It's funny that you think a 680 would be a down grade to you. Power consumption would be wayyyyy lower and since that is one of the 3 things you bash the 7970 for, it must be important to you.
You would have higher vram allowing for heavy mods in Skyrim and such.
I also imagine you would have smoother frame rates and probably higher minimums too.
Out of curiousity, what does a heavily overclocked 470 consume for watts?
Performance would be halved though, I can't really justify losing half my frame-rates, not when overall it will cost me considerably more to own just one.
I haven't played Skyrim since I beat it a month after it released, I ran a few good mobs in triple and a ton at 1080p, but that ship has sailed and I've moved on to other games. Perhaps in another 3-6 years this will be a valid point.
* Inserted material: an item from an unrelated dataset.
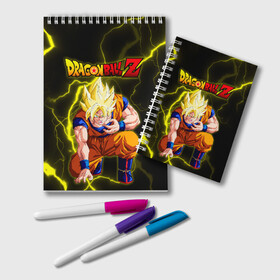 Блокнот с принтом Dragon Ball (2) в городе Новоалтайск, 100% бумага | 48 листов, плотность листов — 60 г/м2, плотность картонной обложки — 250 г/м2. Листы скреплены удобной пружинной спиралью. Цвет линий — светло-серый
 | Тематика изображения на принте: anime | ball | dragon | dragon ball | manga | son goku | аниме | дракон | жемчуг | жемчуг дракона | манга | мяч | сон гоку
You'd be imagining wrong though, don't confuse SLI with CF.
Well I ran two 470s at 950 core with an i5-2500k at 5.2GHz for a very long time on a 840 rail. Assuming the i5 was pulling around 300, that leaves around 540 watts for the two 470s to play with, so around 270 watts each?
Nobody wants to hear the Fermi type logic against the 7970, which isn't surprising when you hear your own logic spoken back to you used on a product you support it starts making less sense.
So let's instead talk about what purpose this card serves, it's a card for multi gpu, multi screen setups. Has AMD ever figured out their MS woes with 7 series? Not the last time I checked, so what purpose does this hardware serve when the the story behind AMD has been and seemingly always will be good hardware with poor software support?
It's a brave world out there, I'm just not sure the people praising it actually are the people who would even consider the card in question in the first place.
Edit: How many people in this thread are 3+ card users with 3+ screens? That's what this cards intended audience is.